To represent the flow of polymer near wellbore areas and as it advances within the reservoir using linear cores is challenging due to different states of velocity regimes. For example, unsteady state flow conditions are present at wellbore areas, while a steady state condition is applied in the lab for core flood studies. The experimental design of core flood has to consider filtration and degradation effects on polymers, as reported by some earlier studies, e.g., Martin [
38,
39]. The effect of the prefiltering process in which the polymer subjected to low flow rate before injection has an insignificant impact on polymer in situ viscosity [
40]. This is also observed in the experimental study performed by Skauge, et al. [
23]. They investigated the role of polymer phase behavior on in situ viscosity, in which they found the molecular weight of polymer is the key factor dominating in situ rheology of semi-dilute polymers. Jouenne, et al. [
41] performed degradation studies using a blender, capillaries and porous media. The kinetics of degradation fit a master curve as a function of normalized time, regardless of the media in which the degradation occurred. Moreover, the polymer will not be further degraded beyond the point of highest strain which determined the steady state value of degradation. Until the steady state was reached, degradation increased with the number of passes of the point of highest strain. This was reached at less than 6 mm in synthetic porous media.

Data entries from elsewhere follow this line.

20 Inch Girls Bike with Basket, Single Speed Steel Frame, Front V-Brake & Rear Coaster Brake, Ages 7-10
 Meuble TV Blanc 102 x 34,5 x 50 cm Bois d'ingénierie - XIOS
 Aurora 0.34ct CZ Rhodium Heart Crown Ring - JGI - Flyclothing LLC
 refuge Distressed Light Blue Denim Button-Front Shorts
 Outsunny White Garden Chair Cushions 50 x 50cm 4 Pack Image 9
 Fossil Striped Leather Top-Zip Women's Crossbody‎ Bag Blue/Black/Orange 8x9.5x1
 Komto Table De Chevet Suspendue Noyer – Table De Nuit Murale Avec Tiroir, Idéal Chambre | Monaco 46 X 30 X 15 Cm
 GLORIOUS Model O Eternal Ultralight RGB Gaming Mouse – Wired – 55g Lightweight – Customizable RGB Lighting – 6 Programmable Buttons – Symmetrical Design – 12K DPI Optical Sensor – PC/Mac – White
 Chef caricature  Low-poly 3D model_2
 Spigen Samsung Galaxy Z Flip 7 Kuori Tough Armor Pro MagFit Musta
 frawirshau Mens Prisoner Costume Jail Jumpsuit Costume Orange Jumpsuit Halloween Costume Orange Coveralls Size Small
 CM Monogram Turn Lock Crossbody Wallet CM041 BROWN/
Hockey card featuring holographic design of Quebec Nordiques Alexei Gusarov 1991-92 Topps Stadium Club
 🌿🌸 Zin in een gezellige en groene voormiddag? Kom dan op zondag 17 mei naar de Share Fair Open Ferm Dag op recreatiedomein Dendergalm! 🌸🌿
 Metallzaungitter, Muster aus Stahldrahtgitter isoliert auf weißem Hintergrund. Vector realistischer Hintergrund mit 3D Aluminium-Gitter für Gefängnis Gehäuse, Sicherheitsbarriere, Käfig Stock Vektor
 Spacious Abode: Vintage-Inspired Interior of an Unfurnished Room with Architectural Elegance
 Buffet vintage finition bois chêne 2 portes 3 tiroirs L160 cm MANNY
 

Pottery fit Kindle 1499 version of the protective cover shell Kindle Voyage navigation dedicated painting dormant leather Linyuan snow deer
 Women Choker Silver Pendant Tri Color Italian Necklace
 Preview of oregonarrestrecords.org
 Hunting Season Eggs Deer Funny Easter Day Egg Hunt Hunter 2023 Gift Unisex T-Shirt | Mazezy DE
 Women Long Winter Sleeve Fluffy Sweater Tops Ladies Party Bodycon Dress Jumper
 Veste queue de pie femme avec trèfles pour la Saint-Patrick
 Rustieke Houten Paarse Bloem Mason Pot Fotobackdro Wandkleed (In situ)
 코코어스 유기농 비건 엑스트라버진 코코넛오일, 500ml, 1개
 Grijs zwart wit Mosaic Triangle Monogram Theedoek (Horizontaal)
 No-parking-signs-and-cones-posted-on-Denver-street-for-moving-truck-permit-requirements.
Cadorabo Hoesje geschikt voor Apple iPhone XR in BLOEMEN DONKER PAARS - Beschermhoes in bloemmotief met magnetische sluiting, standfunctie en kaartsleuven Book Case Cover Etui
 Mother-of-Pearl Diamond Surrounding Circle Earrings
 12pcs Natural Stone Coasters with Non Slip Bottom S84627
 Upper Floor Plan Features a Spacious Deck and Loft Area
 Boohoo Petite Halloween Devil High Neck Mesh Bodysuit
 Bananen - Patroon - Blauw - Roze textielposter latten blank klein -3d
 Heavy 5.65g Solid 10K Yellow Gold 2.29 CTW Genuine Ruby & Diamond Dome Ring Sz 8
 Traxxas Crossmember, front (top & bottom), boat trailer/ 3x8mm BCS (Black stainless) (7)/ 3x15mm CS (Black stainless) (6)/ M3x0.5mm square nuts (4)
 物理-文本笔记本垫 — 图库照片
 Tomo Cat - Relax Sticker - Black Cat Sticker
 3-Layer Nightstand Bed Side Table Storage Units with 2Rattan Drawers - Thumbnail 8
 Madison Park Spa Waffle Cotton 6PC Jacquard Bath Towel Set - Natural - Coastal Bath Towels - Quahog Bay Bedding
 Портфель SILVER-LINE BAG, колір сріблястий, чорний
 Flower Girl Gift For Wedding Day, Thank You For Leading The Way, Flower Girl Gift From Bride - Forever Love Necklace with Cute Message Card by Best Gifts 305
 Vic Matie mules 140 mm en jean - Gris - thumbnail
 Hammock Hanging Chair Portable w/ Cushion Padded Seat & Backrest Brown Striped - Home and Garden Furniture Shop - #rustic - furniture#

The present work aims to study the influence of mechanical degradation on HPAM rheology at a larger scale, at 5–10 cm of propagation. This was performed by flooding polymer through porous media and analyzing the injected and eluted samples. For this purpose, highly permeable outcrop rock (Bentheimer cores) was used. The experiments were carried out at room temperature using two types of semi-dilute HPAM polymers dissolved in brines with a given salinity. The polymers were pre-treated by prefiltering or pre-shearing through porous media prior to injection in order to represent the filtration and shearing processes induced on the polymer by the porous media in a field case. In such a field case, the polymer might be sheared near the injection well, where high flow velocities are achieved. High molecular weight fractions may be filtered by retention mechanisms as it propagates through the porous media at either high (near-well) or low velocity (deeper in the reservoir). Propagation effects were evaluated by re-injecting polymer that had already experienced high shear to evaluate if further mechanical degradation would occur at the same flow velocities (and thereby same shear rates). Results from this study reveal that pre-shearing at high flow rates (representative of near wellbore areas) has a larger impact than prefiltration. One consequence of this is that mechanical degradation due to high shear may improve injectivity without significantly reducing polymer in situ viscosity at (lower) reservoir flow rates. Another key observation is that polymer degradation occurs successively for high MW polymer. This indicates that it is not only the molecular weight and point of highest strain that determine the degree of degradation but also the exposure time and number of exposures to high strain. These are important aspects to implement in polymer flood design.